Categories: Investing strategies

Here’s a stat that may — or may not — surprise you. A study found that 88% of people fail to stick to their New Year’s resolutions, with Dr Asim Shah advising that the best way to succeed is to start “by making small steps.”

When people set resolutions, financial health is usually near the top of the list. The good news? One of the simplest ways to act on that goal is also one of the easiest to maintain: regular investing.

In this feature, we look at what drives people to invest, why “time in the market” matters, and how a simple monthly habit can be well worth sticking with.


Start small, go long

You’ve probably heard the adage: the best time to start investing was yesterday, but the next best time is today. It’s popular for a reason — time in the market matters.

What motivates investors is the potential for growth. Over time, cash savings have generally made modest gains, with inflation eroding the value of money. By contrast, stocks and shares have delivered higher returns over the long term, although with periods of volatility — as the charts here illustrate.

 


The past is not a guarantee of future performance, but it helps to explain why people choose to invest for growth over time.


No time like the present

Right now, time is also on your side from a tax-year perspective. You have until 5 April to use your current £20,000 ISA allowance. From 6 April, a new tax year begins and your ISA allowance refreshes.

And while cash can play a role in a balanced plan, the rules around Cash ISAs are tightening for many people. From 6 April 2027, people under 65 will be able to contribute up to £12,000 a year to Cash ISAs, within the £20,000 total ISA allowance. If you’re 65 or over, you’ll still be able to contribute up to £20,000 a year to Cash ISAs.


Start as you mean to go on

Setting up regular investing is straightforward.
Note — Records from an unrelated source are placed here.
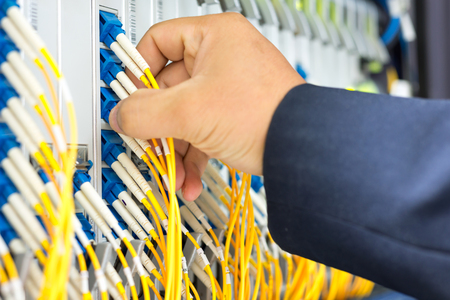 People fix node fiber optic in network room .の写真素材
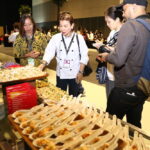 A young regional chef explaining eastern visayan cuisine ingredients to journalists at 2016 Madrid Fusion Manila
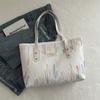2025 Inverno Novo Estilo Listrado Moda Casual Grande Capacidade Bolsa Tote Estilo Fresco Elegante Comutação Ombro Axila Bolsa Feminina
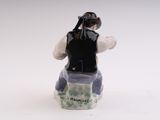 a figurine of a man sitting on a bench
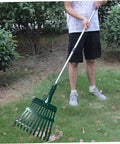 Man raking leaves with Heavy Duty 11-Tooth Carbon Steel Rake Head 10 Inch Wide Replacement With Pre Drilled Holes in garden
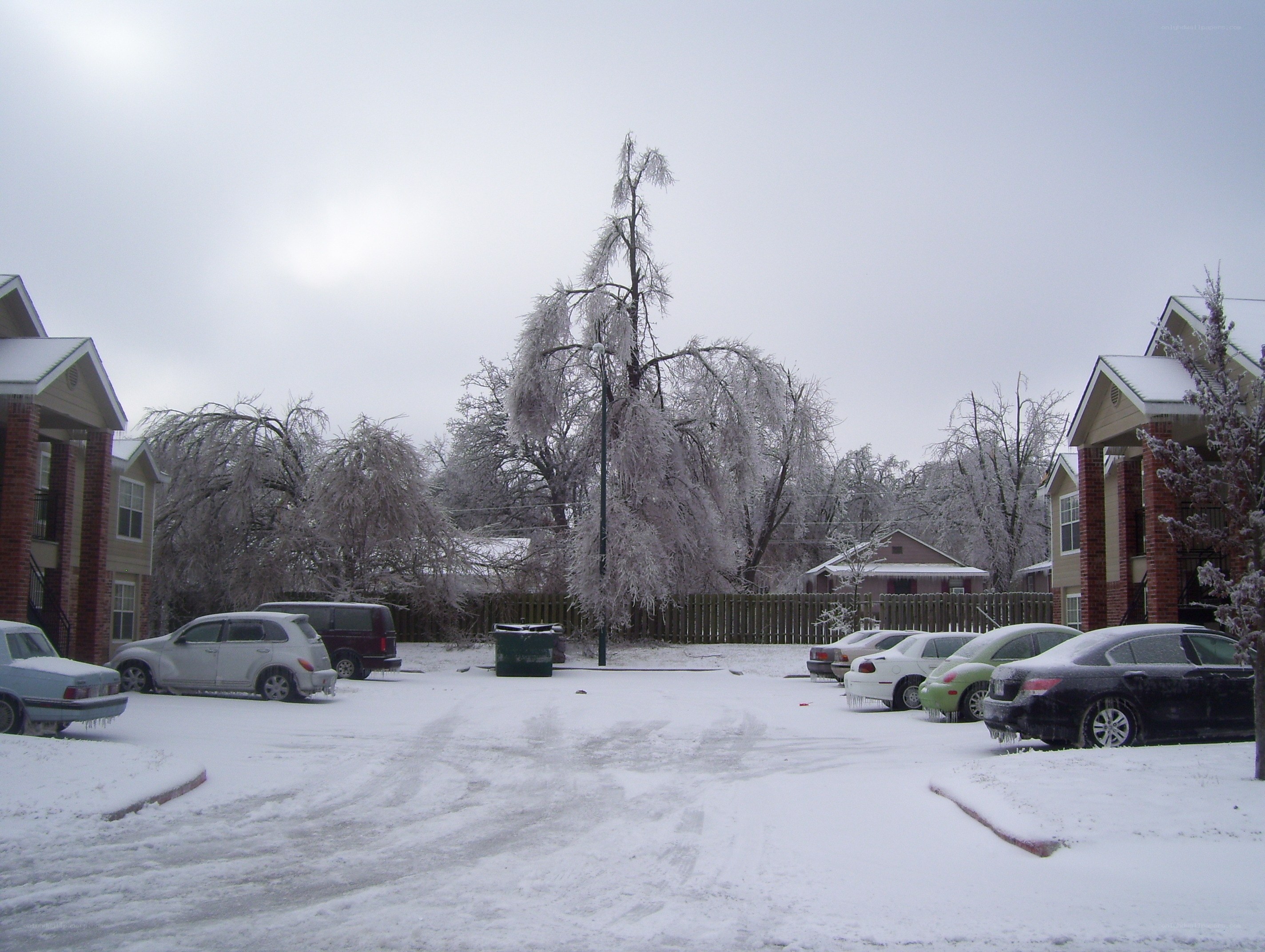 Snow-covered apartment complex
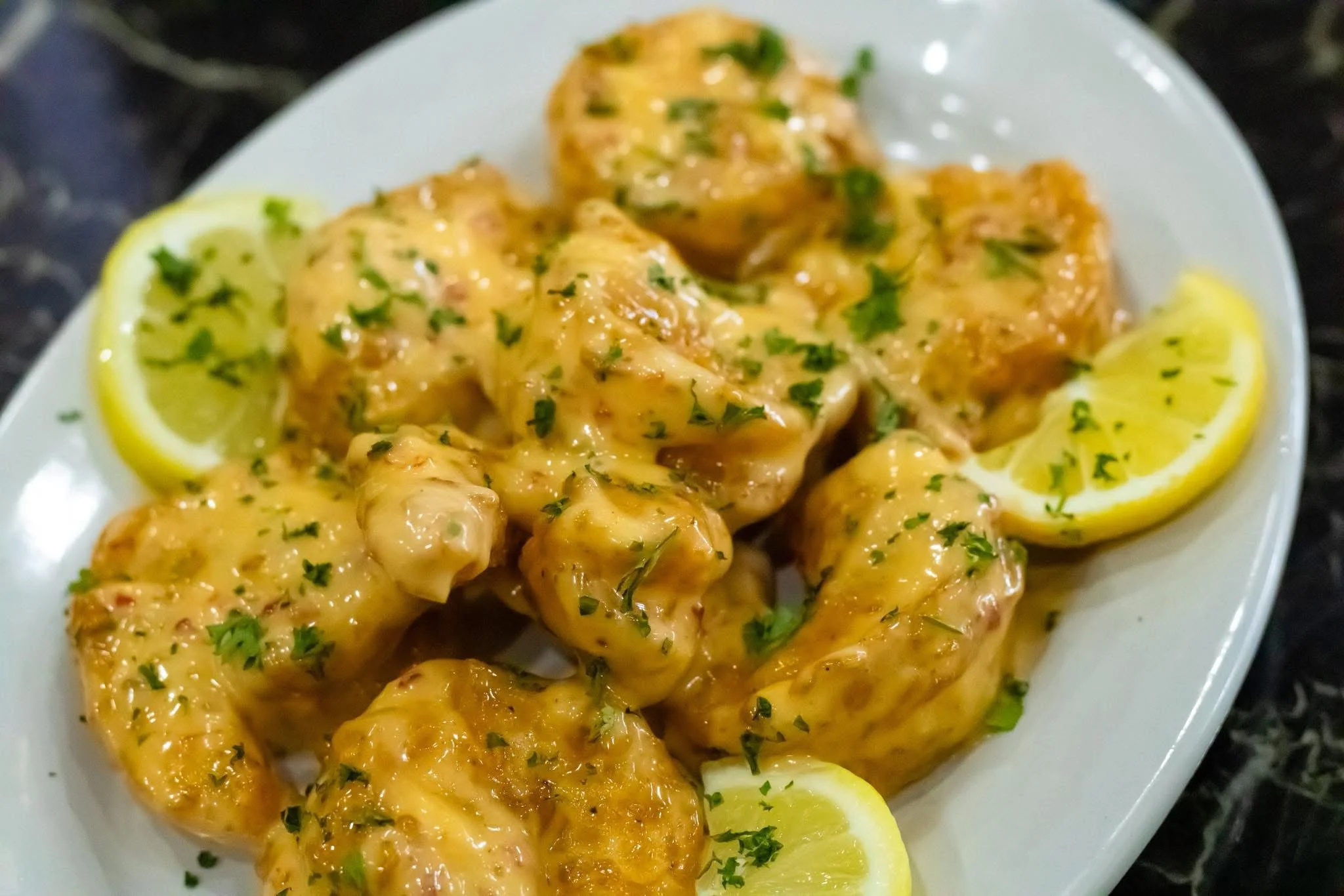 Cajun shrimp in creamy sauce with lemon slices
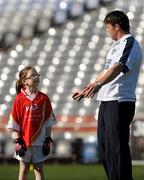 27 September 2010; 300 children from all over the country realised their dreams today when they got to play a match in the world-famous Croke Park stadium as part of the 2010 Vhi Cúl Day Out. The Vhi Cúl Day Out is a nationwide competition which was open to all 80,000 children who attended one of the 1000 Vhi GAA Cúl Camps held over the course of the summer. Today’s lucky 300 winners got to train and play a match in the world-famous stadium. GAA heroes such as Bernard Brogan, Anthony Daly and Eoin Kelly as well as other hurling, football, camogie and handball stars around the country were there to work with the children on the day to help them develop their skills and reinforce their passion for the game. Pictured is Seana Feeley, age 10, from Belcoo, Co. Fermanagh, in conversation with Dublin footballer Éamon Fennell. Vhi GAA Cúl Day Out 2010, Croke Park, Dublin. Picture credit: Brendan Moran / SPORTSFILE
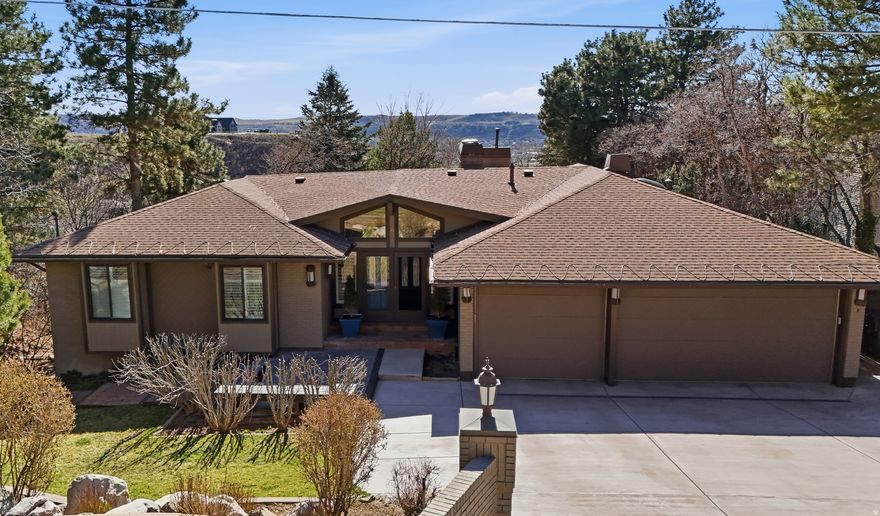 Welcome to 6313 Bybee Dr! Located in a highly desirable Ogden neighborhood, this beautifully maintained 4 bedroom, 3 bathroom home offers privacy, views, and well-designed living spaces. Set on a secluded lot with a cozy, established yard, the property features a spacious 3-car garage and a custom chef's kitchen that serves as the heart of the home. The kitchen is designed for both everyday living and entertaining, featuring two dishwashers, two cooktops, two ovens, two pantries, a large island, high-end appliances, and a range hood, along with a generous dining area and direct balcony access. All four refrigerators are included with the house. Built-in sound speakers enhance the kitchen and family room area, with additional speakers installed on the deck for seamless indoor-outdoor entertaining. Inside, updated hardwood flooring, upgraded windows, and abundant natural light create a comfortable and inviting atmosphere. The main level includes two bedrooms and two full bathrooms, a spacious primary suite with a walk-in closet, cozy sunroom/sitting area and direct access to the incredible deck. The primary bath features a large standalone shower, separate soaking tub, and double vanity. The additional upper bedroom includes a built-in dresser that will remain. A see-through wood-burning fireplace adds character to the main living space, while custom shades enhance comfort throughout. The fully finished basement provides flexible additional living space with two oversized bedrooms, a bathroom with double vanity and  shower, kitchenette, laundry and a dedicated food storage room. The theater area includes surround sound, soundproofing, projector, and screen (projector requires a new bulb). A spacious private office with built-in shelving overlooks the yard, and an additional craft room/den adds versatility. Two gas fireplaces add warmth to the lower level. Two 50-gallon water heaters, separate furnaces for each level, and additional heat sources in each bathroom provide year-round comfort. The 3-car garage features epoxy floors, built-in lockers, attic storage, a warm-water hose bib, a built-in Viking refrigerator, an additional refrigerator that will remain, and an additional shed/storage area just outside the garage. In the backyard there are two large sheds with electric power. Outdoor living is private and functional, a fenced yard featuring mature landscaping, grass areas, a play gym, multiple balconies and deck spaces, and a reinforced deck designed to support a hot tub. The property also includes a heated driveway, roof heat tape, auto sprinklers, and additional parking. This home is truly one of a kind: schedule your private showing today!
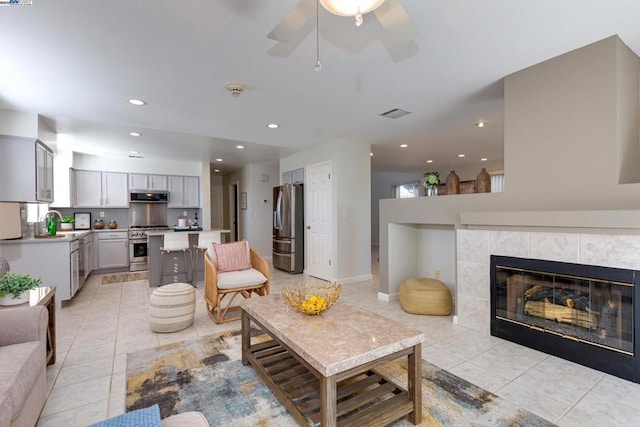 living room with ceiling fan, sink, a tiled fireplace, and light tile patterned flooring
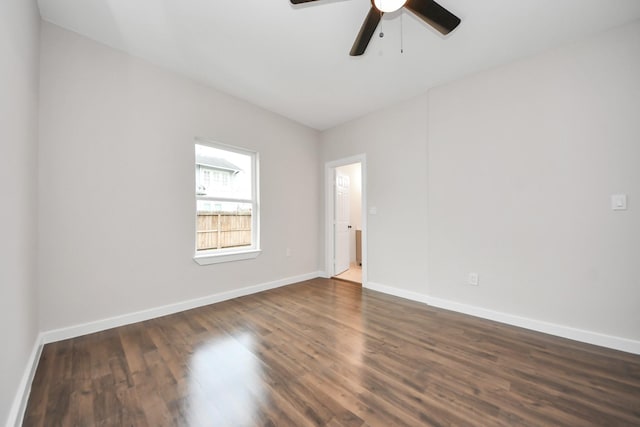 409 S 72nd St, Houston, TX 77011 - spare room featuring ceiling fan, dark wood finished floors, and baseboards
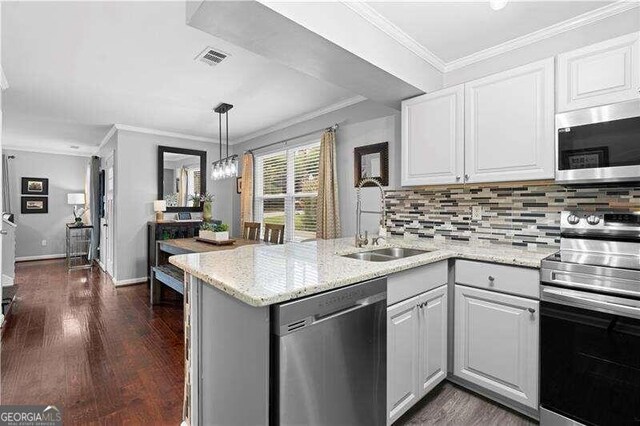 kitchen with white cabinets, stainless steel appliances, ornamental molding, and light stone counters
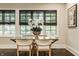 Bright dining area with a glass table, upholstered chairs, and decorative floral arrangement at 110 Bow Ln, Indianapolis, IN 46220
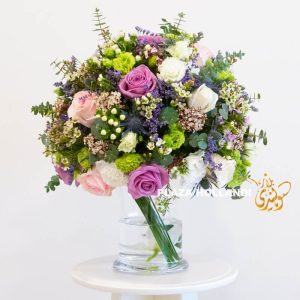 pink, purple, green and white flower arrangement in a glass vase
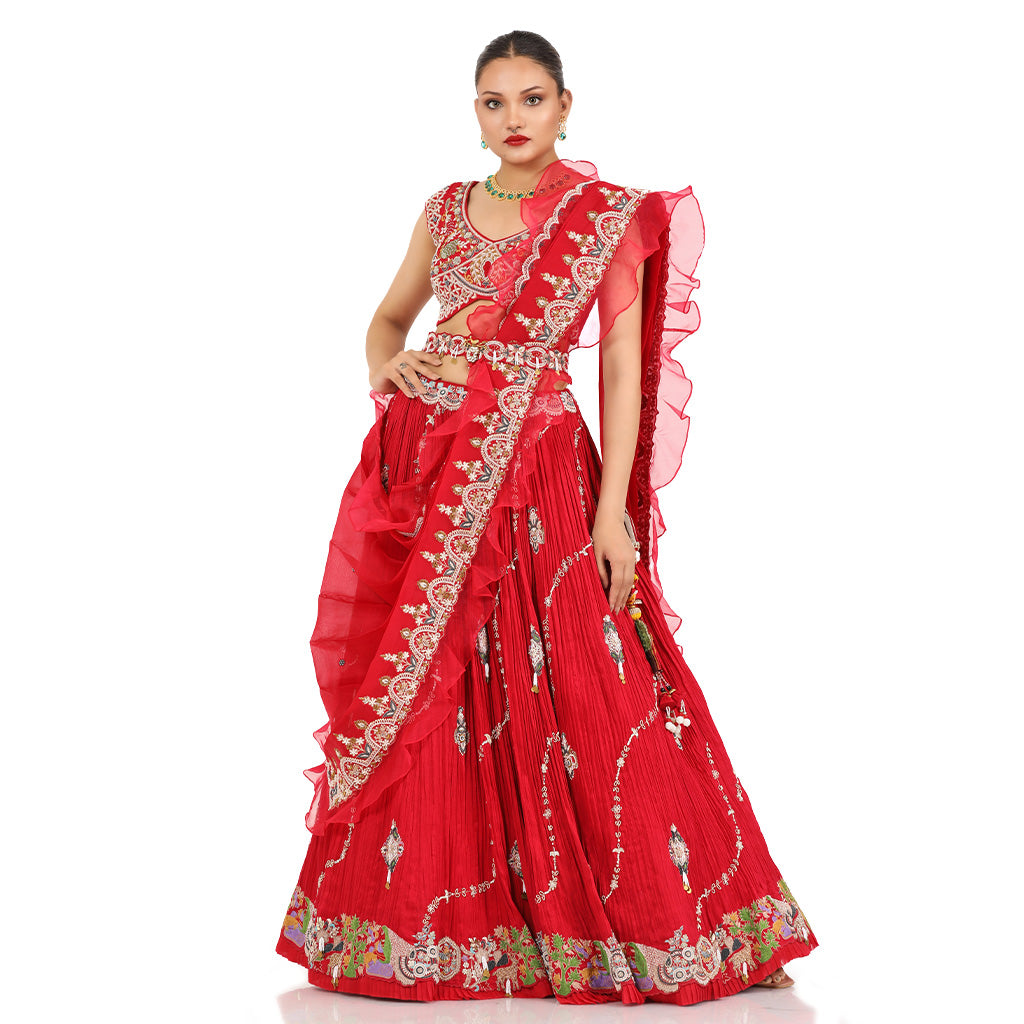 A woman standing and wearing Coral Red Lehenga Set with a waist belt attaining a bridal attire.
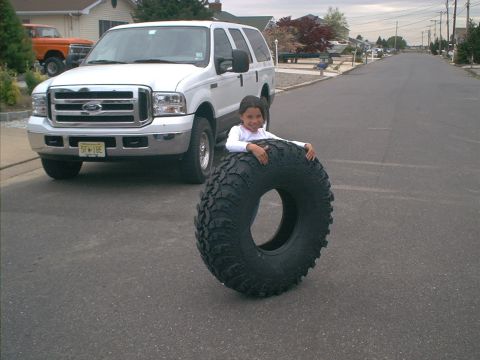 1978 Ford Bronco - A white Ford Excursion SUV is parked on a residential street, with a young girl posing behind a large tire.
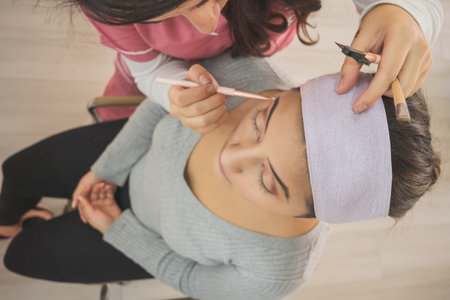 Young woman getting ready to put on makeup for a special event. In a makeup center enjoying this day.の写真素材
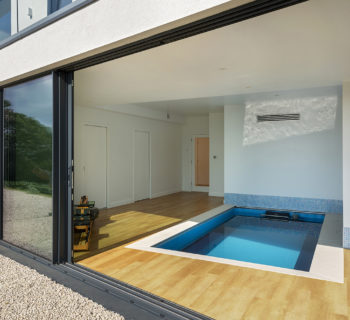 Sliding doors lead into the swimming pool room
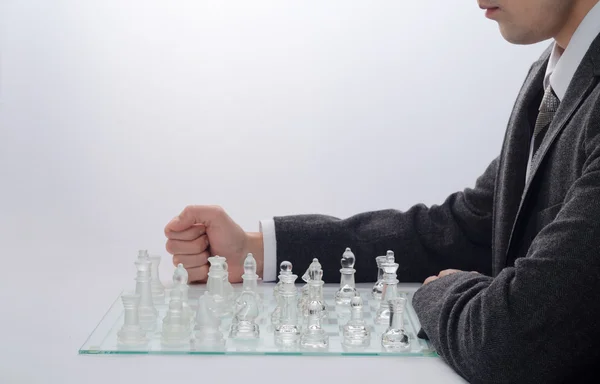 Hombre de negocios jugando ajedrez sobre un fondo claro — Foto de Stock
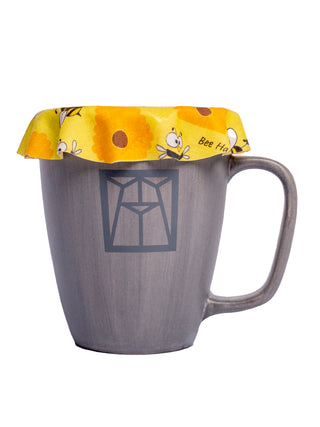 A circular coaster illustrated with goofy, happy looking bees on top of a grey Ravinia mug.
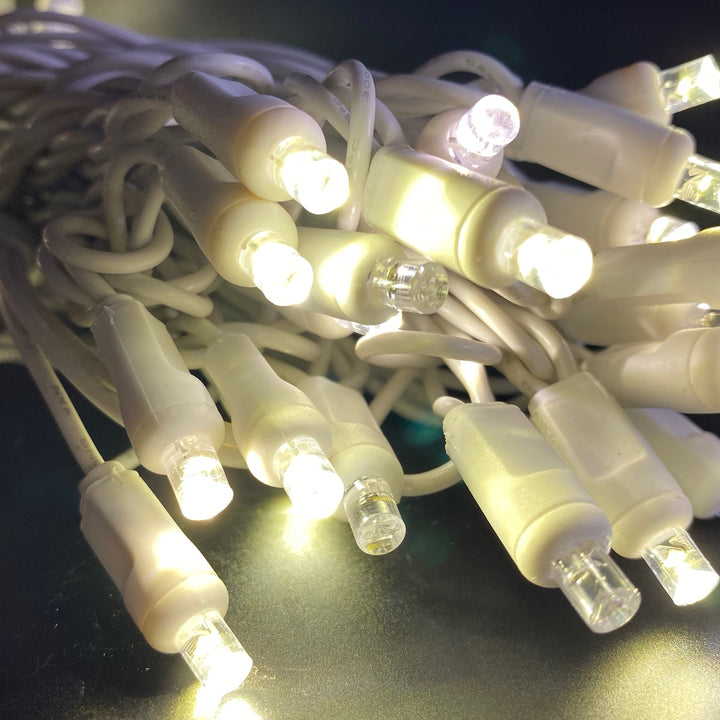 50-light 5mm Warm White Twinkle LED Christmas Lights, 4" Spacing White Wire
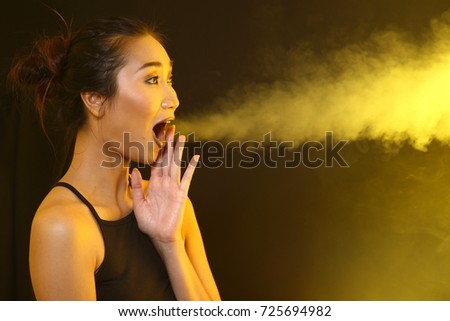 Smoking Tan Skin Asian Woman black hair dark lip with Yellow Dense Fluffy Puffs of Smoke and Fog on dark Background, Abstract Smoke Clouds, and high low exposure contrast, copy space for text logo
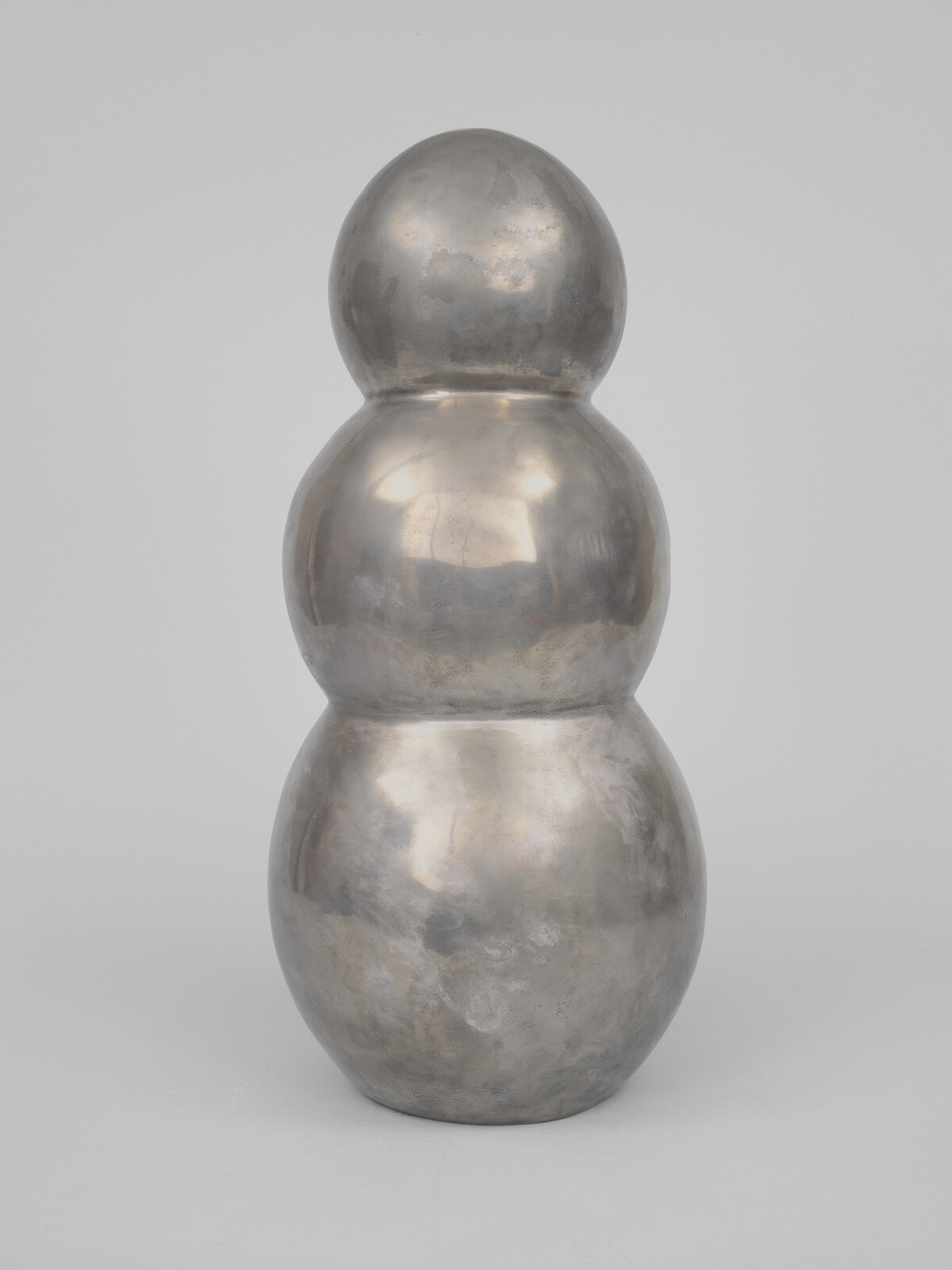 Polished metal sculpture made of three stacked bulbous forms with a smooth reflective surface.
You choose an amount that feels manageable each month, and it’s invested automatically — so you build your portfolio steadily over time, without having to make a fresh decision each month.

Even small monthly amounts can make a meaningful difference over time.


Fund your lifestyle

If you’re wondering what to invest in regularly, a simple starting point can be a fund.

Funds pool money from lots of investors to buy a diversified mix of assets — such as shares, bonds or other investments — so you’re not relying on the performance of a single company.

Unlike many of our best intentions, regular investing is one resolution that can quietly keep working in the background — and your future self might just thank you for starting small today.